==== Data for the task
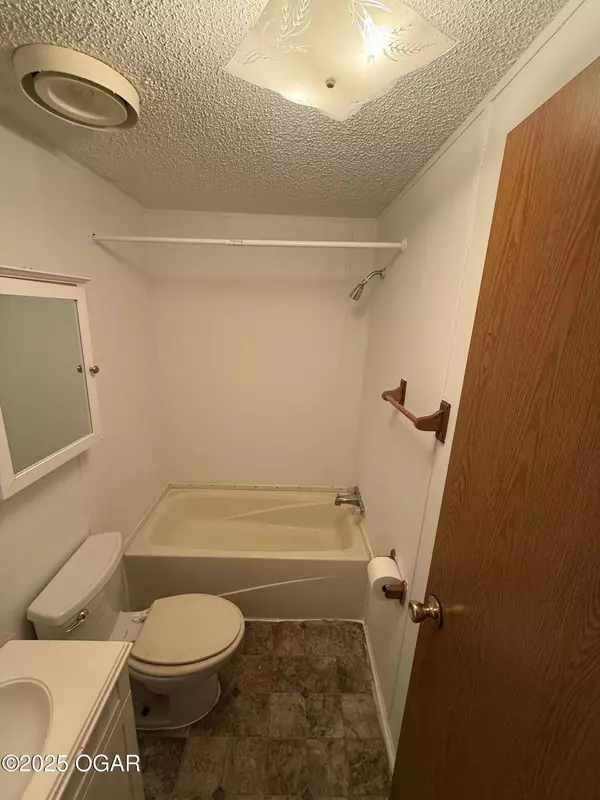 827 E Tahlequah Avenue, Vinita, OK 74301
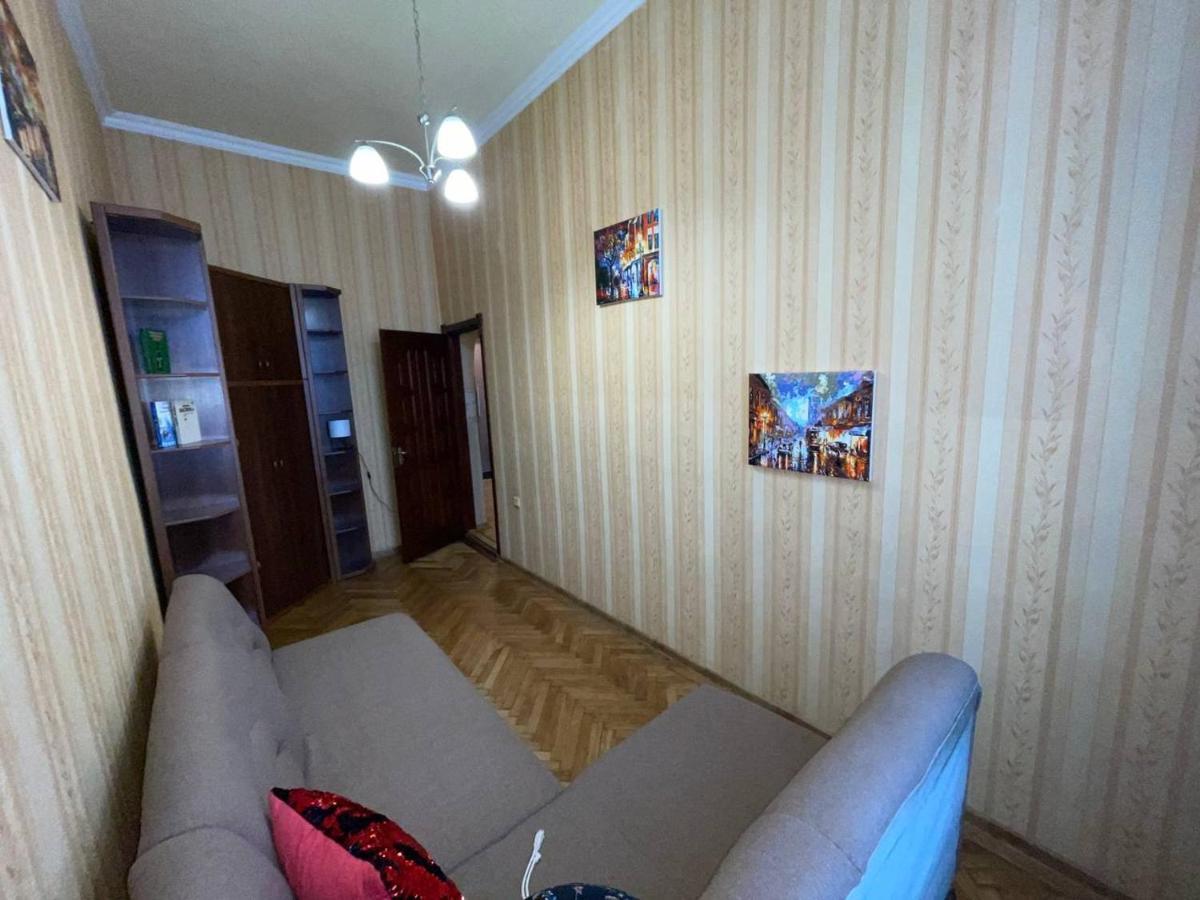 White Rooms On City Center Lviv Ngoại thất bức ảnh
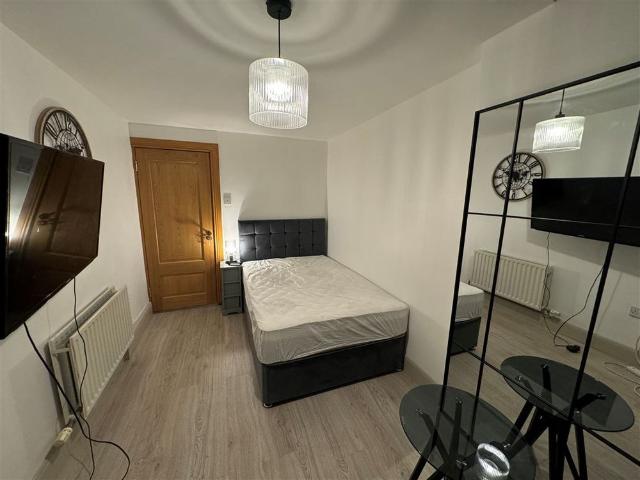 Studio to rent in Dundrum, North Tipperary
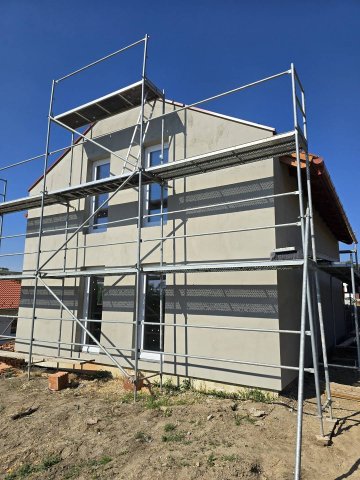 Eladó családi ház, Pécsett 149.9 M Ft, 4 szobás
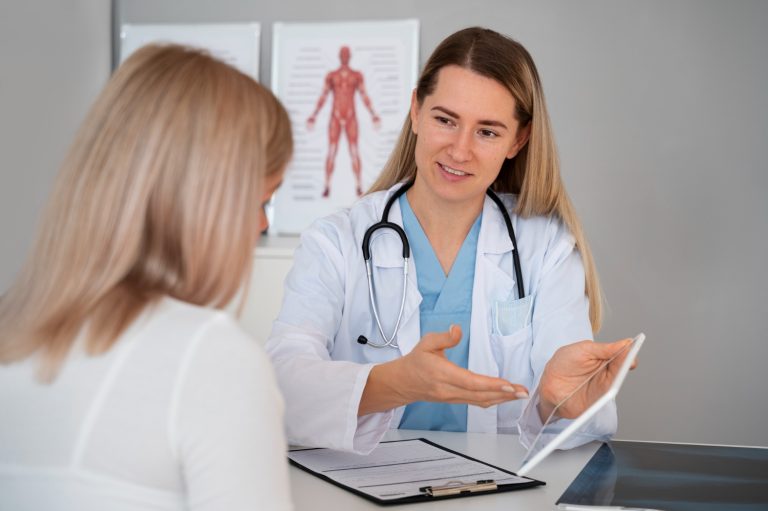 Especialista em reprodução humana explicando para a paciente se quem tem útero septado pode engravidar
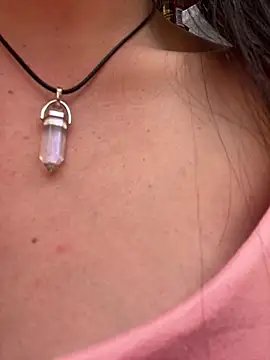 Webcam Model (PamelaJonsom_)  is live.Free join now!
========
Exercise:
When you transcribe the entries, reproduce each line exactly and skip any picture.

Expected answer:
 827 E Tahlequah Avenue, Vinita, OK 74301
 White Rooms On City Center Lviv Ngoại thất bức ảnh
 Studio to rent in Dundrum, North Tipperary
 Eladó családi ház, Pécsett 149.9 M Ft, 4 szobás
 Especialista em reprodução humana explicando para a paciente se quem tem útero septado pode engravidar
 Webcam Model (PamelaJonsom_)  is live.Free join now!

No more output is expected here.